I don't know the exact dates that are relevant here, but as recently as the late 80s people were bucking totalitarian oppression via violence.


Bouazizi's fire ended up burning quite a few government officials, even outside of Tunisia.

By my count, it started six rebellions, prompted five government reforms, and Libya's Qaddafi got brutally murdered in public. Libya, Syria, and Iraq are still in a state of civil war.

So more recently than the late 80s. As recently as right frickin now.

https://en.wikipedia.org/wiki/Arab_Spring


>...(4th July, Bastille day) tends to be the statistical anomaly

While I think your statement is true, it's probably true because individuals and society can adapt to invasive governemnt behavior for a very long time. Historically we see the Tea Act, the Boston massacre and the Intolerable acts and think "Of course the colonies rose up"

But we often forget or don't take into account everything leading up to 1776 in the British Americas:

The British government prohibited settlement beyond the Appalachian mountains in the early 1760s, offending many colonists.

The currency act banning bills of credit issued by the colonies.

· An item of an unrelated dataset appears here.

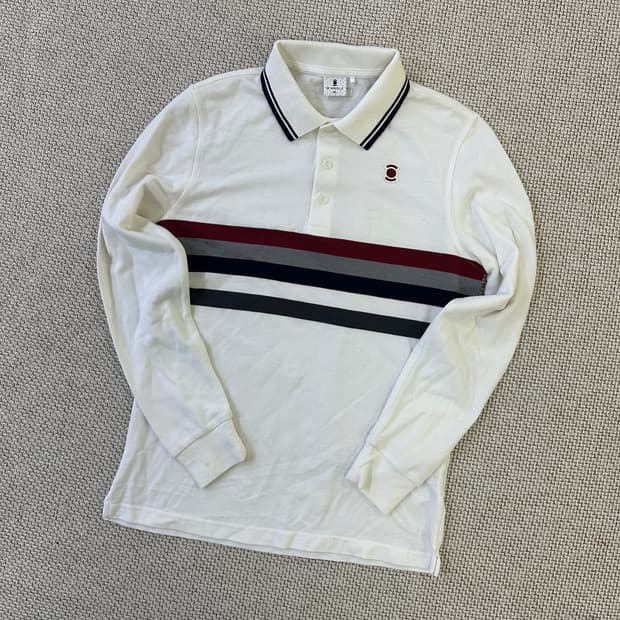 95 와이드앵글 긴팔 카라 티셔츠 0330D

the sugar, stamp, townshend and tea acts - all tax acts on common consumer goods such as sugar, tea, newspapers, playing cards, glass, paper etc. Some of these were later repealed but only under intense pressure and economic reprisals from the colonies.

This was all just after the French and Indian war which the colonies bore the brunt of. Many in the colonies felt that they had proved themselves in the war as a capable independent military and economic force. So there were least 10 years of turmoil leading up to July 1776 and 20 if you count the start of the French and Indian War.

And the American Revolution got the ball rolling for the French. Starting with Louis the 16th going into debt to help the colonies and helped merrily along by, yet again, an unfair tax system.

Both of these examples and many more, are largely caused by economic turmoil (largely, not solely, of course there are many factors).

I think as long as governments watch what you spend and where you spend it, but don't decrease how much you can spend then everyone will go merrily along.


From Justice Robert's majority opinion of Riley v California:

    Our cases have recognized that the Fourth Amendment was the founding
    generation’s response to the reviled “general warrants” and “writs
    of assistance” of the colonial era, which allowed British officers
    to rummage through homes in an unrestrained search for evidence of
    criminal activity. Opposition to such searches was in fact one of the
    driving forces behind the Revolution itself. In 1761, the patriot
    James Otis delivered a speech in Boston denouncing the use of writs
    of assistance. A young John Adams was there, and he would later write
    that “[e]very man of a crowded audience appeared to me to go away,
    as I did, ready to take arms against writs of assistance.” [...]
    According to Adams, Otis’s speech was “the first scene of the first
    act of opposition to the arbitrary claims of Great Britain. Then and
    there the child Independence was born.”